When the stock market took a 30 percent tumble after the tech bubble burst in 2000, experienced investors observed that many of those who lost their shirts had never lived through a downturn in the market. The same thing could be said about the lobster industry today.

Beginning in 1987, strange and wonderful things started to happen in the lobster business. After 40 years of inexplicably stable landings that hovered around 20 million pounds a year, lobster harvests began ticking up. Landings went up again — and then again and again and again — until the annual harvest in Maine had doubled to 40 million pounds a decade later. Lobstermen bought bigger boats, and part time and marginal fishermen put more traps in the water to scale up to the new statewide limit of 800 traps. Soon a million more traps were in the water. Within another six to eight years, lobster landings had tripled to over 60 million pounds — and in seeming defiance of the laws of supply and demand, per pound prices to lobstermen also inexorably increased year by year. It was almost as if you could not not make money fishing for lobsters.

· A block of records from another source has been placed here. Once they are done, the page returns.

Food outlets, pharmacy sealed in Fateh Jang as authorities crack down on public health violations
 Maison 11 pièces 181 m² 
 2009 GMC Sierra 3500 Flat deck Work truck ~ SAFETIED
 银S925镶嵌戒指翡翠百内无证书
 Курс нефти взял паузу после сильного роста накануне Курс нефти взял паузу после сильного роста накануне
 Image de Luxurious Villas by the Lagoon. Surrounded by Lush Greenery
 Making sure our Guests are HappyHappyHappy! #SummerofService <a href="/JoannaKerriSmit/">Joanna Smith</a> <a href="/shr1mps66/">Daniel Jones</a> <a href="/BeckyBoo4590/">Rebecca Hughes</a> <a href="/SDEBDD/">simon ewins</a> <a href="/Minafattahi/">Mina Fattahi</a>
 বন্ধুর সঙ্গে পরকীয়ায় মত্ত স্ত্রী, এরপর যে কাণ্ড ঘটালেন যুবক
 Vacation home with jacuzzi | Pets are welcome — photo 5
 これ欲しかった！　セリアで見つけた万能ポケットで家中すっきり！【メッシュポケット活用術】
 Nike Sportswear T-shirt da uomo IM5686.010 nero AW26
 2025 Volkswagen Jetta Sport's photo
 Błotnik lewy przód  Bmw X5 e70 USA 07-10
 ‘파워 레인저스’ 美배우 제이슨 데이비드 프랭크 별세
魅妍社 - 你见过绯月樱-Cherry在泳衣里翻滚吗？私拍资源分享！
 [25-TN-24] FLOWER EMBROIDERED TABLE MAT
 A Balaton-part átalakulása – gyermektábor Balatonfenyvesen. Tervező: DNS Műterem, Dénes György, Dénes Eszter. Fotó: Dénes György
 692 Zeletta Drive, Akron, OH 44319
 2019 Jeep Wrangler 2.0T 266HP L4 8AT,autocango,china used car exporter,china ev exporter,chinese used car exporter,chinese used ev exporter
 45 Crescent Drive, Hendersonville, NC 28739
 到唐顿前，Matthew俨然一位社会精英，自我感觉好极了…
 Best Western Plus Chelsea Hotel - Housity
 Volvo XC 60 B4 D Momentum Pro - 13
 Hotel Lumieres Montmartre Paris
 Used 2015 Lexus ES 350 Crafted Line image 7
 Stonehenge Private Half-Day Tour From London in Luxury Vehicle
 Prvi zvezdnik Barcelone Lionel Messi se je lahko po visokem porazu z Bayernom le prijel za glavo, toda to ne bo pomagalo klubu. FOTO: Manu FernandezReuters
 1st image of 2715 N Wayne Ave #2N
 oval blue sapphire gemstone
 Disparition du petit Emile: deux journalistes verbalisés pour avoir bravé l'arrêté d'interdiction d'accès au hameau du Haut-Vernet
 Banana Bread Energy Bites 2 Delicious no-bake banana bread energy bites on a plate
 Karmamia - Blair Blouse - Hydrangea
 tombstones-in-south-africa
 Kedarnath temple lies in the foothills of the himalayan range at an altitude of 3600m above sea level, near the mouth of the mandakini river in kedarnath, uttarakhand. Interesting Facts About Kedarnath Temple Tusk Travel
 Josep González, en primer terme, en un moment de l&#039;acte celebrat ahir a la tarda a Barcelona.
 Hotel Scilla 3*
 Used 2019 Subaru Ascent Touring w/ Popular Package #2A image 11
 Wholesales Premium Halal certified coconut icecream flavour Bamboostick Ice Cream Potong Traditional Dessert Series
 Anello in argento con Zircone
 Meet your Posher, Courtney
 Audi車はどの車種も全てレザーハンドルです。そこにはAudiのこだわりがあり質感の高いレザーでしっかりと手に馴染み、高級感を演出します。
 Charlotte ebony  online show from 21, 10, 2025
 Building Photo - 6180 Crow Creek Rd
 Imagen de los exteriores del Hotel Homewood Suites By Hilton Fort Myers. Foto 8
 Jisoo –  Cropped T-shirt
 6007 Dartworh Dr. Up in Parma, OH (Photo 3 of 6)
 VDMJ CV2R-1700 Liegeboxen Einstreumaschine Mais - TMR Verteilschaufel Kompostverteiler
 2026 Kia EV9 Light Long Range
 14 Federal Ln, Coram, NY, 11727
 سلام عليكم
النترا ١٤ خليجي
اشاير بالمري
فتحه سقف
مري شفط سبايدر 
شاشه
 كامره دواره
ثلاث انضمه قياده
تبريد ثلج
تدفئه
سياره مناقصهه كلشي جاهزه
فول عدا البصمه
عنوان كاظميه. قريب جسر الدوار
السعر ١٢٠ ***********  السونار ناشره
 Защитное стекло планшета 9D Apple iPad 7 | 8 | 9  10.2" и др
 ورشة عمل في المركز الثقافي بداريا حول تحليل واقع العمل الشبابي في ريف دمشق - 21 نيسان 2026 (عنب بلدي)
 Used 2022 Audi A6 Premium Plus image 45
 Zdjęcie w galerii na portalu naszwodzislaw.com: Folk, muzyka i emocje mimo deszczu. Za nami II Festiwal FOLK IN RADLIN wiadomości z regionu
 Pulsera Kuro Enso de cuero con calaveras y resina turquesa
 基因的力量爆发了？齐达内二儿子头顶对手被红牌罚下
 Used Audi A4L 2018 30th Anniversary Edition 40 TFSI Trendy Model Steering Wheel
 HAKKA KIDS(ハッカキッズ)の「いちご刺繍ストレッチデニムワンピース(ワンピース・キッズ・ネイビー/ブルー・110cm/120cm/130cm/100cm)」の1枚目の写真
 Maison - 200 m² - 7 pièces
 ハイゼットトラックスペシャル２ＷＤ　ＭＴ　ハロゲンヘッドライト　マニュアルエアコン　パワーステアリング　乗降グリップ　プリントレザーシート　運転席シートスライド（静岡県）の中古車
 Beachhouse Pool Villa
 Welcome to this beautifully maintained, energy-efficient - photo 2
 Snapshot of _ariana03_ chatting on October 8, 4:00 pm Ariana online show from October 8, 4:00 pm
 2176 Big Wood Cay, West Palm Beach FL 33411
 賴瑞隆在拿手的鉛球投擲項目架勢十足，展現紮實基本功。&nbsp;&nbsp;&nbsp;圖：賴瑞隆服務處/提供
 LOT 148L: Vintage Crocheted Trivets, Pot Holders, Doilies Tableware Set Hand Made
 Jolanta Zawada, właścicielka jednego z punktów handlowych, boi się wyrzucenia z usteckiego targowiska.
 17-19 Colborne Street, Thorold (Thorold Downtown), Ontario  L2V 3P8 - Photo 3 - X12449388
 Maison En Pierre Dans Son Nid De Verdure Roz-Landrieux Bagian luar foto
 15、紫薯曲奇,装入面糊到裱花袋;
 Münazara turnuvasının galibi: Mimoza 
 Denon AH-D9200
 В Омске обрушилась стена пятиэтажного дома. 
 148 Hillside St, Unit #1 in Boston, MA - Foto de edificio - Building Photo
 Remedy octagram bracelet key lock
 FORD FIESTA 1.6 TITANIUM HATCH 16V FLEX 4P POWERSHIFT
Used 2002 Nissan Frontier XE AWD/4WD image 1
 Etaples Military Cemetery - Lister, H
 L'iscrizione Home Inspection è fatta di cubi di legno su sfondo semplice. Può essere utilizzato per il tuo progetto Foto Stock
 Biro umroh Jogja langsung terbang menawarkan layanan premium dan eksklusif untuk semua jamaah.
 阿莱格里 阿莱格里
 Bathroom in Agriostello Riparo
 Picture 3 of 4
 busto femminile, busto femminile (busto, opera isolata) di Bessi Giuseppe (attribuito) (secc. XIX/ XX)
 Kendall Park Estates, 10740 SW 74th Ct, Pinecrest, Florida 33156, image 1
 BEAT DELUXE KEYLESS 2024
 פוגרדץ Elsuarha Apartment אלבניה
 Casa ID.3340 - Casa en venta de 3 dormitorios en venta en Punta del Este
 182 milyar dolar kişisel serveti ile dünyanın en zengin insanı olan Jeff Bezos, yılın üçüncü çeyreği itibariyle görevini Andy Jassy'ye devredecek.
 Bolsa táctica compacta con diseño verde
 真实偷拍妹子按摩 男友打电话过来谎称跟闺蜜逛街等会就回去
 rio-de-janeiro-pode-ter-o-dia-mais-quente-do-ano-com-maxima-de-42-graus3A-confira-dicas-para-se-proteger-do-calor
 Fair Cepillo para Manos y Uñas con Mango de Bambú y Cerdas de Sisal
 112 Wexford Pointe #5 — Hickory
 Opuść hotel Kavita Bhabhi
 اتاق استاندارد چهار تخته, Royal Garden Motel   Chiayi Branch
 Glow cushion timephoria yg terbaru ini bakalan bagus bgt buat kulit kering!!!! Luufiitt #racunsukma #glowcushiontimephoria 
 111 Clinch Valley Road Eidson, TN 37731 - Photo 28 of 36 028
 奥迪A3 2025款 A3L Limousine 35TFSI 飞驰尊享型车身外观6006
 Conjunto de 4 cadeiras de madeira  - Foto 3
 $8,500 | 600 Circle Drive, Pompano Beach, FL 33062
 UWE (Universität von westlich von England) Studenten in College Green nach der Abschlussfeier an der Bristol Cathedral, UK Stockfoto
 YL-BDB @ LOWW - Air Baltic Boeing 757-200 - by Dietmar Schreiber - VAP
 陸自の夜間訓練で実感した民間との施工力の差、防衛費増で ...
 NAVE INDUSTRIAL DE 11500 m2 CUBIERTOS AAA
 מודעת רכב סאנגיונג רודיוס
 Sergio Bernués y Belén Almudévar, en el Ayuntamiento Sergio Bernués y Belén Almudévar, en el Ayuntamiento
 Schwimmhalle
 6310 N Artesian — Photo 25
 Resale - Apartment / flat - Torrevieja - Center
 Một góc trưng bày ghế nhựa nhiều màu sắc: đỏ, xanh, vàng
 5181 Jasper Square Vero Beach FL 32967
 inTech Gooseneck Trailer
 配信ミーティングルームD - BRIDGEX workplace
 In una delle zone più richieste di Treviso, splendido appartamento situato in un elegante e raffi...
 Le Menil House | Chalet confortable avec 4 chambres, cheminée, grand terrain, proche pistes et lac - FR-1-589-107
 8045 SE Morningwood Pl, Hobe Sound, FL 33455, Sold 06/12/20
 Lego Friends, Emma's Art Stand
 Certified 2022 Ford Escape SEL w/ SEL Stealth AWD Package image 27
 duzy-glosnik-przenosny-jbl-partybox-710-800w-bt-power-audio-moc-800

The reality was actually even stranger than it appears. Maine’s top lobster biologist, Carl Wilson, points out that until Maine passed a law a few years ago requiring lobster dealers to report all their sales, the annual lobster harvest numbers were based a voluntary reporting program. Wilson says that when lobster landings peaked in 2003 at about 76 million pounds, he believes the actual harvest was well over 100 million pounds and perhaps even as much as 150 million pounds. Old timers said lobsters are cyclical and that the good times would not last forever, but younger fishermen kept looking at their receipts and co-op members kept cashing their bonus checks as if there were no tomorrow.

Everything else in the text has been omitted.